All told, it took me months of talking about a course and then about four days of actual work to create it. Moral of the story? Stop talking, start doing.
3. Let Go of Perfect
One reason I was able to finally get the course finished? I had to. I’m so glad I promoted the unfinished course on a podcast because it forced my hand. I didn’t have any more time to fuss over the words or fiddle with the edits or beat myself up about the sales page. I had to launch.
I hated releasing something that wasn’t perfect. My videos aren’t as polished and professional as those from other course sellers. My sales page was pretty lousy. But it’s finished and the content is solid—and that’s ultimately what really matters.
Unless you spend a lot of money to create a course, it’s going to be at least partially DIY. Being okay with “good enough” not only allowed me to get the course out of my head and into the world, it also forced me to do real-life testing.
I improved the sales page in real time based on the helpful hints I received in Facebook groups.
I raised the price based on unanimous feedback it was underpriced.
I mapped out a more advanced round two (coming in a few months) based on questions I received from students.

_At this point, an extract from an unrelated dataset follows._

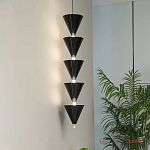 Подвесной светильник светодиодный в виде ряда черных металлических конусов  Herringbone варинант исполнения - 3 | Loft Concept в Ростове-на-Дону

I hired someone to help me with Facebook ads, which I’m running this week, based on my realization I wasn’t ready to market the course.
If the only thing holding you back from creating something is fear, force yourself to push beyond it. Take action and find some peace in knowing you can always learn and improve as you go.
There is no perfect, so stop waiting for it.
4. Be Realistic
The first time (and even the second and third time) you do anything, there’s going to be a learning curve. Most people don’t hit a home run the first time they hold a bat, and you’re probably not going to make $1 million (or even six figures) on your first course.
My advice? Set a realistic revenue goal, and then halve it.
If you want to make $10,000 on your launch, and your course is $100, you need 100 sales. Do you have a large enough following to make that happen? For most course creators, email marketing drives sales. Based on average conversion rates of 2%, you’d need an email list of about 50,000 to make 1,000 sales.
Yes, email isn’t the only way to sell a course (I only sold a few through mine), but the size of your list is still a pretty good gauge to determine your sales potential (for example, my list size is 800 so I sold the equivalent of a 5% conversion rate; and I had a low price point). You’ll get better at marketing your products as you do it more often, but the first time around, don’t set sky-high expectations.
I hoped to sell a single course. Seriously. When I hit “publish” on my course I was truly terrified not one person would buy it. So, getting to nearly 40 was a huge success. Had I expected to net thousands of dollars my first time out, I would have felt like a failure and never done this again. Instead, I’m riding high and already daydreaming about the next course launch.
5. Ask for Help
At first, I didn’t consider asking anyone to help me promote my course. I didn’t want to impose, and I was also afraid other (more experienced) entrepreneurs wouldn’t want to share my less-than-perfect course.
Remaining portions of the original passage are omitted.